Chaseling has a strong international reputation in hot glass for
his technical expertise and innovation and his conceptual
freshness. His work has been included in many solo and group
exhibitions in Australia and overseas, and he has been the
recipient of a number of prestigious glass awards, including the
2002 Gold Medal at the Bavarian State Prize in Munich,
Germany and the 2004 Ranamok Glass Prize, the major
Australian award for the medium.
Chaseling’s favoured form is a large open vase carrying a
combination of pattern and visual narrative, inside and outside.
The artist paints images with colour glass enamels onto white
glass, which is then fused with cut and tiled Bullseye colour
glass, achieving a complex layered interaction of pattern and
visual narrative. The fused sheets are rolled up into a cylindrical
form and blown, a process requiring the expertise of several
glass technicians. The surface is then ground back. The ‘roll-up’

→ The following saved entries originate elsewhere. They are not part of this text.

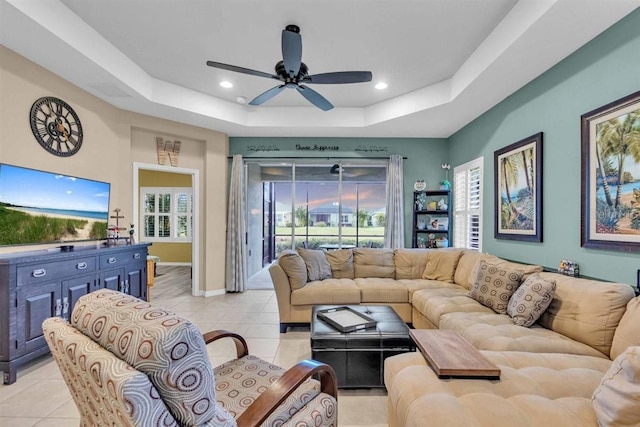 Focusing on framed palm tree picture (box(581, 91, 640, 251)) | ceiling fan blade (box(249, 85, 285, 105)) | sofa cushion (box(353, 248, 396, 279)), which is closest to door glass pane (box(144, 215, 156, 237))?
ceiling fan blade (box(249, 85, 285, 105))

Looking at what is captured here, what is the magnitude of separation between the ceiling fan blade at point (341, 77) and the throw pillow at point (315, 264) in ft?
6.98

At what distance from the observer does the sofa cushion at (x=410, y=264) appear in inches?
156

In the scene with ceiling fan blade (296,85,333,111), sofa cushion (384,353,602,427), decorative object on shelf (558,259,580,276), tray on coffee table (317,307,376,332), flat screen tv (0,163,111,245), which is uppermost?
ceiling fan blade (296,85,333,111)

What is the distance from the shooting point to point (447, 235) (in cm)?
507

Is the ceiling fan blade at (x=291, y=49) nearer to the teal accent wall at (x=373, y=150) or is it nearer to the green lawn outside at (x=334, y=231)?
the teal accent wall at (x=373, y=150)

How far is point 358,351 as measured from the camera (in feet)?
7.32

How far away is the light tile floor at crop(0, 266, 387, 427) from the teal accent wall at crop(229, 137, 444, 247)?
2619 millimetres

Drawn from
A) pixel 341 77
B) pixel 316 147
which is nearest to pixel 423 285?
pixel 341 77

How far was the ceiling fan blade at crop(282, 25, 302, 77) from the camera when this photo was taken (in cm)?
218

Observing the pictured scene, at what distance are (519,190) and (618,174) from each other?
1.12 meters

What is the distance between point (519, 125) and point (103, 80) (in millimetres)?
4707

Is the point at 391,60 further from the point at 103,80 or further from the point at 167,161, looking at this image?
the point at 167,161

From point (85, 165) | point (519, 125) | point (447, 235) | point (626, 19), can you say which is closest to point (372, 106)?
point (519, 125)

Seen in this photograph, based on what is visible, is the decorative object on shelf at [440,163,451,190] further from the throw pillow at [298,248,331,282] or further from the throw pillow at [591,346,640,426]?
the throw pillow at [591,346,640,426] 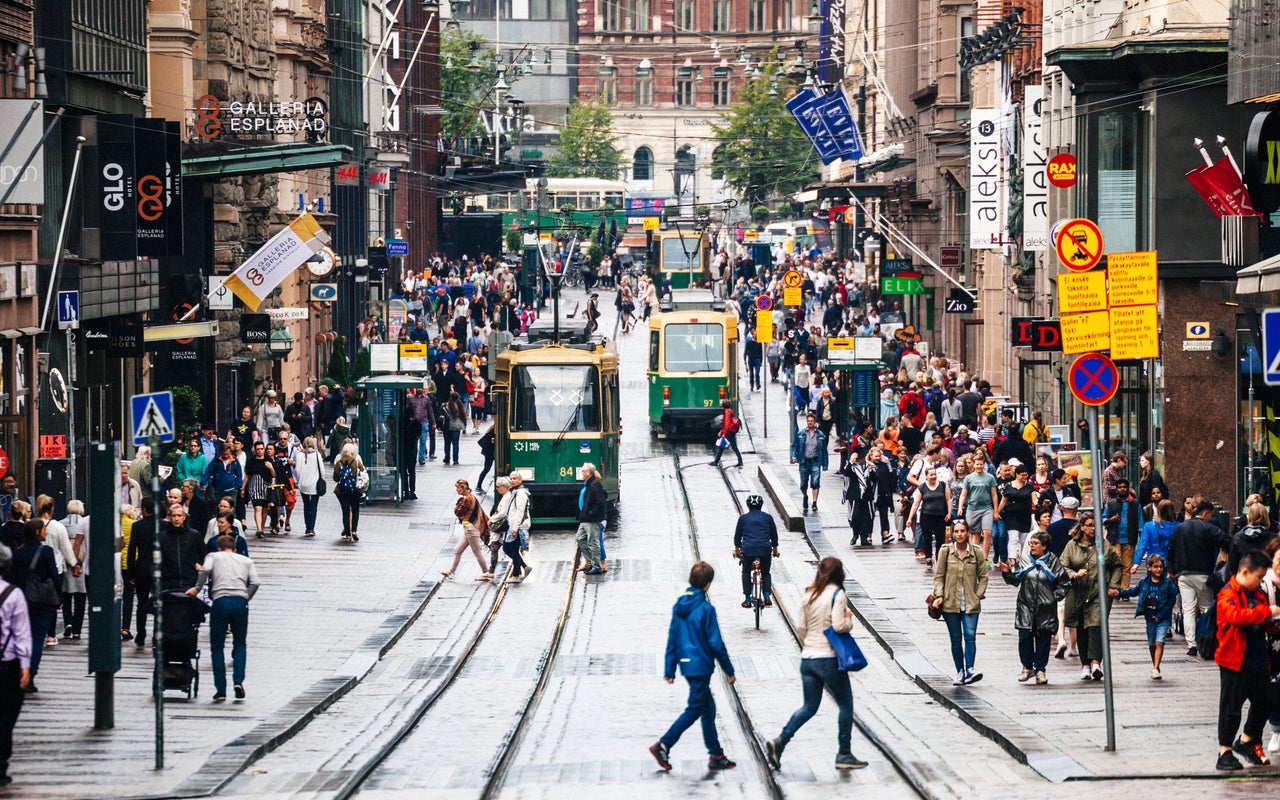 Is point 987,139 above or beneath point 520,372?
above

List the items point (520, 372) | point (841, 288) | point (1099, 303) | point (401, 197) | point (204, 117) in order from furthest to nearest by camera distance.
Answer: point (401, 197), point (841, 288), point (204, 117), point (520, 372), point (1099, 303)

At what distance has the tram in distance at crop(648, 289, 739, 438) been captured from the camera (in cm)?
4734

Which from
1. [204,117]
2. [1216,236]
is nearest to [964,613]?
[1216,236]

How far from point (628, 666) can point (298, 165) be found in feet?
64.6

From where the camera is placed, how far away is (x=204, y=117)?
4266cm

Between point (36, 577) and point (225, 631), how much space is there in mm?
1676

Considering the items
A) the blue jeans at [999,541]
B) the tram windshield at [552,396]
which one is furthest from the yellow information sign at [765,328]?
the blue jeans at [999,541]

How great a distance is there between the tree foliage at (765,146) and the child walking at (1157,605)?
87677mm

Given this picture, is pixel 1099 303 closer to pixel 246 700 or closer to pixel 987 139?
pixel 246 700

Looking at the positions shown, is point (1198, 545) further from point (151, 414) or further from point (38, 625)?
point (38, 625)

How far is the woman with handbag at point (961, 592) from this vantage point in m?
19.8

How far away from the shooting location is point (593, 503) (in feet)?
93.7

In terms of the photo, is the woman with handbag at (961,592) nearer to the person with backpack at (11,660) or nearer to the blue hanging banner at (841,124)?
the person with backpack at (11,660)

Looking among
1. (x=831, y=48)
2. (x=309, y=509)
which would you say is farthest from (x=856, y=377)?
(x=831, y=48) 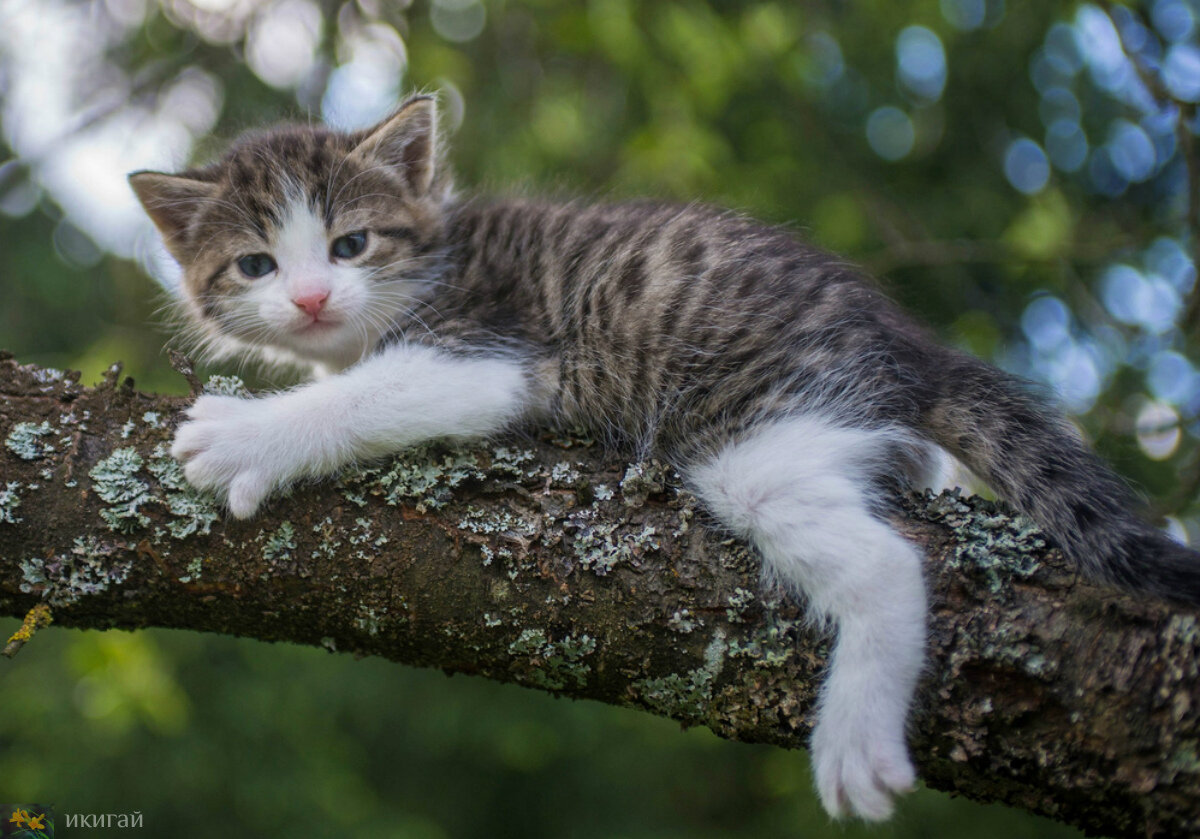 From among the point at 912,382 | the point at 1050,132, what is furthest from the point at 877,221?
the point at 912,382

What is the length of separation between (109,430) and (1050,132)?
4.16m

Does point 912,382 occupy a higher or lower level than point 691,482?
higher

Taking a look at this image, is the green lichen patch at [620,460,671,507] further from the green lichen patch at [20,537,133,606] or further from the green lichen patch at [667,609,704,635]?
the green lichen patch at [20,537,133,606]

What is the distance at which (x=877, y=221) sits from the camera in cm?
361

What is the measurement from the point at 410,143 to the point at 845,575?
1.73 meters

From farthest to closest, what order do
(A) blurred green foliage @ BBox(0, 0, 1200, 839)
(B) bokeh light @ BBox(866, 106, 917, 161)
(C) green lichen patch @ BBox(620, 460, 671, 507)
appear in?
(B) bokeh light @ BBox(866, 106, 917, 161) < (A) blurred green foliage @ BBox(0, 0, 1200, 839) < (C) green lichen patch @ BBox(620, 460, 671, 507)

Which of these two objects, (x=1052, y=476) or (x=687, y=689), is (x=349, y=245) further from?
(x=1052, y=476)

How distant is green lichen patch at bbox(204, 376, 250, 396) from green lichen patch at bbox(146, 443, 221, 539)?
29cm

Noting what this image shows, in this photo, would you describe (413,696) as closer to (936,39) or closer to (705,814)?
(705,814)

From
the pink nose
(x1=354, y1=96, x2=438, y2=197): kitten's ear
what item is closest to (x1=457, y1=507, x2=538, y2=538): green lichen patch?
the pink nose

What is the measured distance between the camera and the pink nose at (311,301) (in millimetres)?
2168

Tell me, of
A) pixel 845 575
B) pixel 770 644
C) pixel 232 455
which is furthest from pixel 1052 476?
pixel 232 455

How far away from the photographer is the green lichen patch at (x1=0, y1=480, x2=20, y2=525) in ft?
5.57

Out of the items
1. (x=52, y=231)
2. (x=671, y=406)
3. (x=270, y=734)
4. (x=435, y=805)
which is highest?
(x=671, y=406) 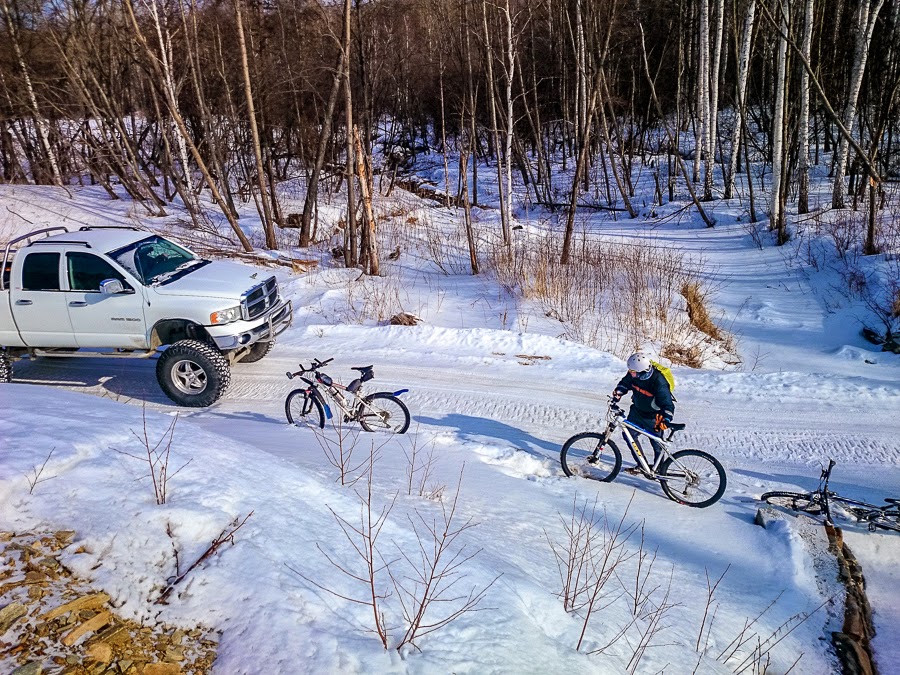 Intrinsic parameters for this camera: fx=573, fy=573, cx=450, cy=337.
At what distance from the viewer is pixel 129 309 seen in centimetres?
786

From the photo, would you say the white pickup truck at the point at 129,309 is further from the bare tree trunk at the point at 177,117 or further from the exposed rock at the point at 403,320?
the bare tree trunk at the point at 177,117

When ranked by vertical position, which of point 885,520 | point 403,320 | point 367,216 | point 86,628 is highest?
point 367,216

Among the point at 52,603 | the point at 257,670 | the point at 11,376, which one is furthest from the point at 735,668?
the point at 11,376

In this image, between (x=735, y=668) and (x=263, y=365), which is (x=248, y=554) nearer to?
(x=735, y=668)

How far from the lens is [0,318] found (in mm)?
8125

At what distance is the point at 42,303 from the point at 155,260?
1593 millimetres

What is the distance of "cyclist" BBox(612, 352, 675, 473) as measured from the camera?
5.96 metres

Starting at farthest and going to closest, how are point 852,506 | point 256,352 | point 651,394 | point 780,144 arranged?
1. point 780,144
2. point 256,352
3. point 651,394
4. point 852,506

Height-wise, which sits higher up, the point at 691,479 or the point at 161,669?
the point at 161,669

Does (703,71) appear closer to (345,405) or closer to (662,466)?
(662,466)

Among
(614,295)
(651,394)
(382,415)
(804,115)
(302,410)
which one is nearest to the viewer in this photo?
(651,394)

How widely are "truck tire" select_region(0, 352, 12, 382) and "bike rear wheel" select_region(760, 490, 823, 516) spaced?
9.81 meters

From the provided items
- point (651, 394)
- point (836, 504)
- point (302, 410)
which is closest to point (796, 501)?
point (836, 504)

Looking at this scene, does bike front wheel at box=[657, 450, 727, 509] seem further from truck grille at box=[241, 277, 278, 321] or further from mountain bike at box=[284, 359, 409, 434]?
truck grille at box=[241, 277, 278, 321]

process, a combination of fusing and blowing, was pioneered in
international studio glass production by Chaseling and fellow
glass artist Kirstie Rea.
In his work Chaseling is essentially a storyteller whose engaging
images derive from nostalgic popular culture such as comic
books and boys’ own annuals. There is a dream-like quality in
his snapshots of familiar, ordinary life and a nod to another
time, a parallel world of memories and associations. For the
artist the images exist to suggest rather than circumscribe, and
their decorative setting and enigmatic texts further locate them
in the spaces of the imagination. Chaseling’s vigorous style and
bold palette reflect the influence of the Venetian glass tradition;
paradoxically the modernity of his work and its technical
bravura confirms its place within the medium’s enduring
language of ornamentation and innovation.